*What the task asks*: Extract every entry word for word. Skip the pictures.

□ □ □

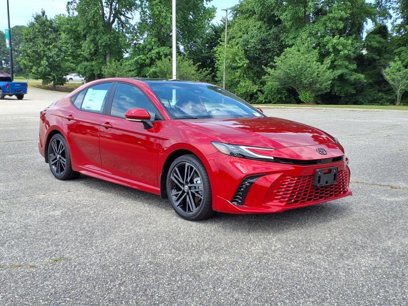 New 2025 Toyota Camry XSE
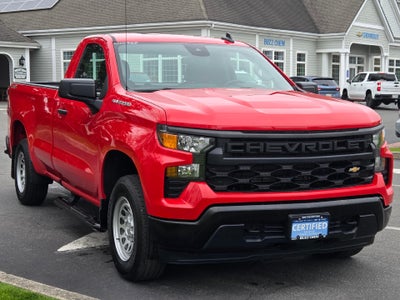 2024 Chevrolet Silverado 1500 WT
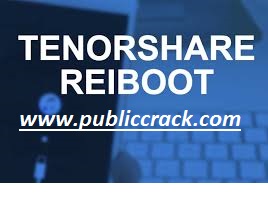 Tenorshare ReiBoot 10.11 Crack & Keygen (Latest) Download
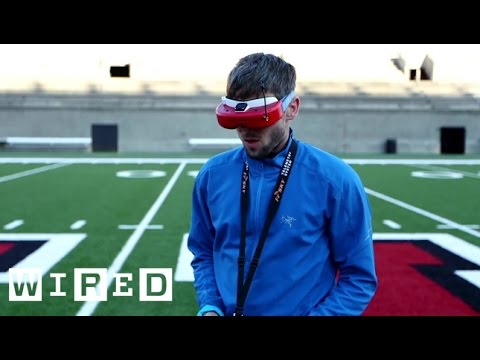 Inside the World of Drone Racing - UCftwRNsjfRo08xYE31tkiyw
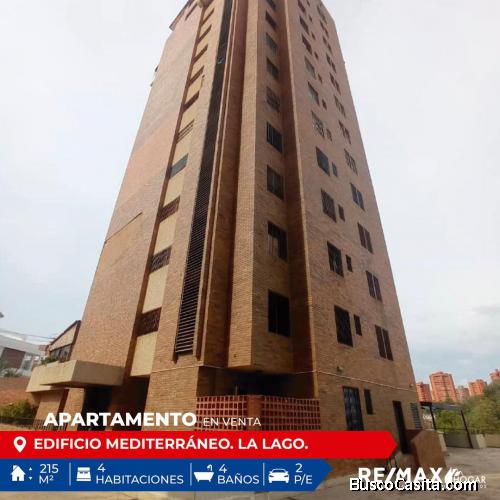 Apartamento venta Maracaibo edificio Mediterráneo 11621 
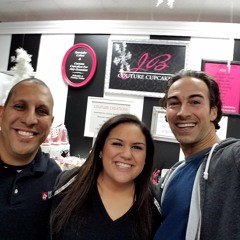 Ep2 - Jessica Bucceri of JB Couture Cupcakes - The Cupcake Queen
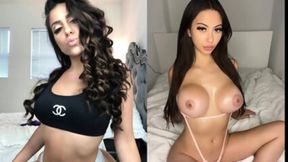 Hot Bbw Triple Pleasure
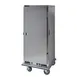Cres Cor EB64 67"-72" 1-Door Heated Cabinet, Mobile Stainless Steel, 64 Plate Capacity, ENERGY STAR® 1 image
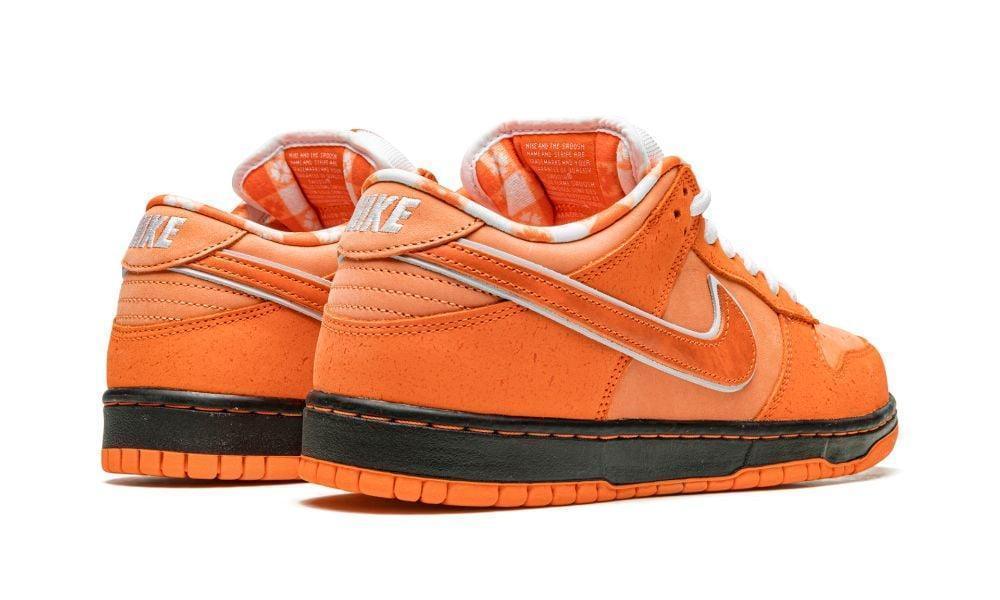 SB Dunk Low"Concepts - Orange Lobster"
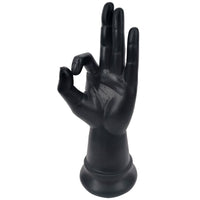 Mano Decorativo Ok Negra  Gaf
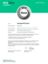 PROTECT ecobau certificat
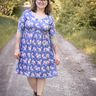 Der große Süßkeks I Kleid I Tunika I Stillen I Größe 34-50 thumbnail number 6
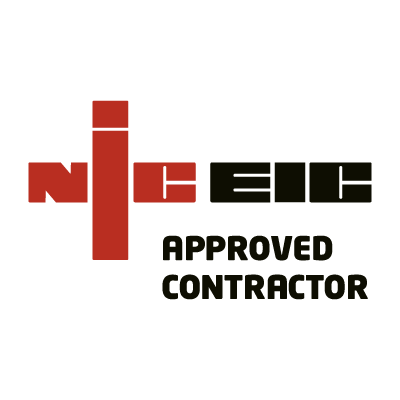 NICEIC logo vector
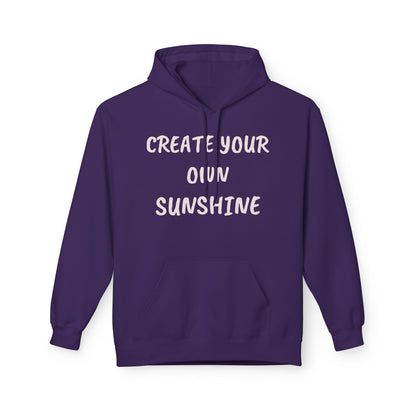 Unisex Midweight Softstyle Fleece Hoodie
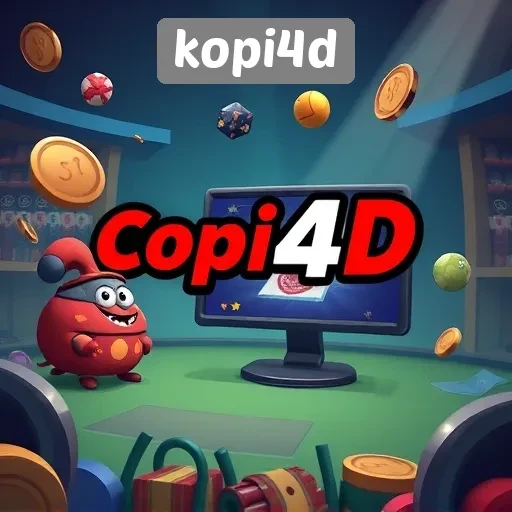 Kopi4D Game Online yang Menawarkan Pengalaman Berbeda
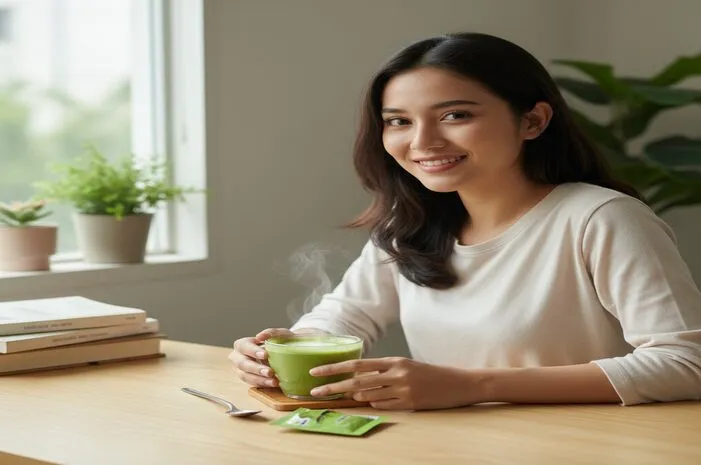 Matcha Sachet: Praktis, Enak, Banyak Pilihan Rasa!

□ □ □

*Solution to the exercise*:
 New 2025 Toyota Camry XSE
 2024 Chevrolet Silverado 1500 WT
 Tenorshare ReiBoot 10.11 Crack & Keygen (Latest) Download
 Inside the World of Drone Racing - UCftwRNsjfRo08xYE31tkiyw
 Apartamento venta Maracaibo edificio Mediterráneo 11621 
 Ep2 - Jessica Bucceri of JB Couture Cupcakes - The Cupcake Queen
 Hot Bbw Triple Pleasure
Cres Cor EB64 67"-72" 1-Door Heated Cabinet, Mobile Stainless Steel, 64 Plate Capacity, ENERGY STAR® 1 image
 SB Dunk Low"Concepts - Orange Lobster"
 Mano Decorativo Ok Negra  Gaf
 PROTECT ecobau certificat
 Der große Süßkeks I Kleid I Tunika I Stillen I Größe 34-50 thumbnail number 6
 NICEIC logo vector
 Unisex Midweight Softstyle Fleece Hoodie
 Kopi4D Game Online yang Menawarkan Pengalaman Berbeda
 Matcha Sachet: Praktis, Enak, Banyak Pilihan Rasa!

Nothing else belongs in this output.